John Carter is a good old fashioned action/adventure romp. It takes its time developing, provides plenty of material for a myriad of sequels, and stands up to the scrutiny of today's preoccupied post-modern film fan. In the hands of Oscar winner Andrew Stanton (responsible for the future shock satisfaction of Wall-E), it glides into place as one of the best big screen adaptations of any source material ever. Granted, there are parts that may not flow as effortlessly as others, and one imagines a longer, more powerful cut sitting around waiting for the inevitable special edition DVD, but for what is up on the screen, Disney should be proud. They've invested a lot of capital in bringing Edgar Rice Burroughs' seminal character to life, and their backing is about to be very well rewarded indeed.

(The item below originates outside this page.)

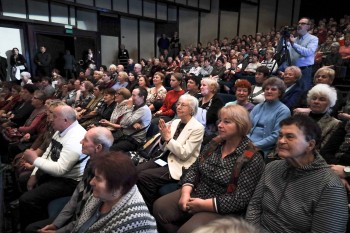 Более 800 нижегородских пенсионеров посетили спектакль в Театре юного зрителя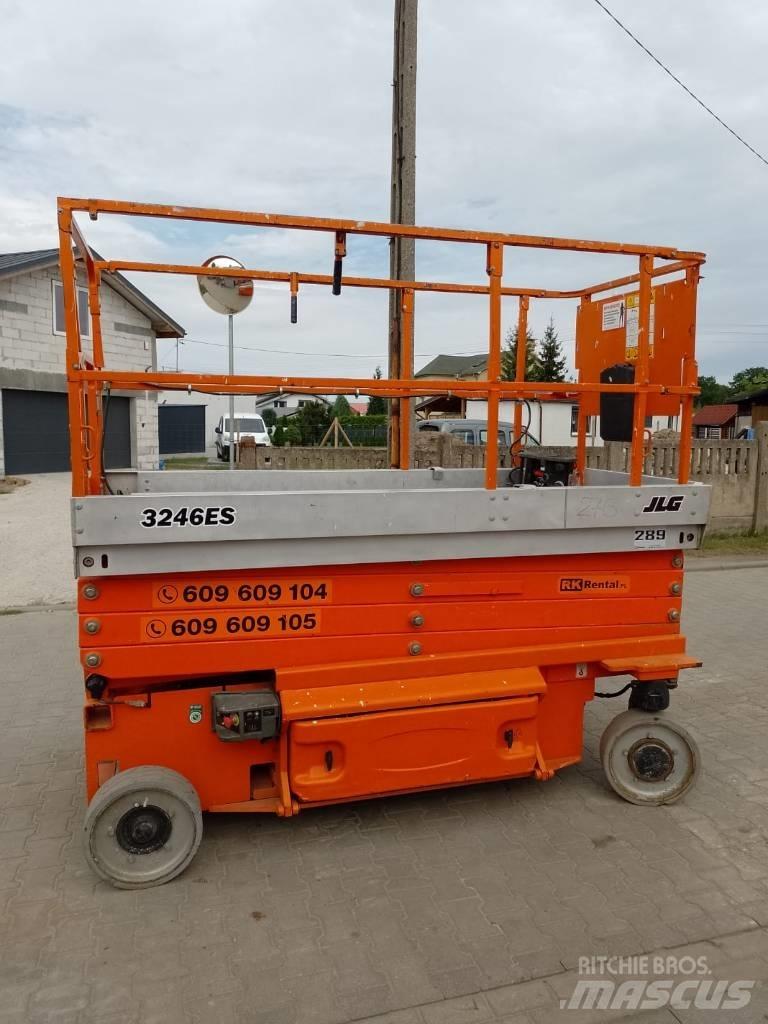 JLG 3246 ES 剪叉式升降机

A story starts with the title adventurer (Taylor Kitsch) MIA and his beloved nephew (Daryl Sabara) reading his journals. Within its pages, we learn of Carter's run-in with a Civil War officer (Bryan Cranston) and the ambush by local Native Americans which led him to the 'cave of the spider' and a miraculous trip across the cosmos. Ending up on the angry red planet -- which the natives call "Barsoom" -- Carter find himself in the middle of a war between extraterrestrial humanoids from the kingdoms of Helium and Zodanga. The former is led by Tardos Mors (Ciarán Hinds) and his gorgeous daughter, the Princess of Mars, Dejah Thoris (Lynn Collins). The latter is fronted by the despotic Sab Than (Dominic West).With the help of the ethereal overseers known as Holy Therns and their leader Matai Shang (Mark Strong), the Zodangans have access to The Ninth Ray, the most deadly power source imaginable. Sab Than intends to use it against Helium -- that is, unless, Dejah Thoris agrees to marry him. She refuses, and runs away. In the meantime, Carter is introduced to the six-limbed Martian inhabitants and their ruler Tars Tarkas (Willem Dafoe). After learning of their struggles at the hands of the others, he agrees to use his newly discovered 'earthling' powers (strength, jumping ability) to restore a sense of balance and order.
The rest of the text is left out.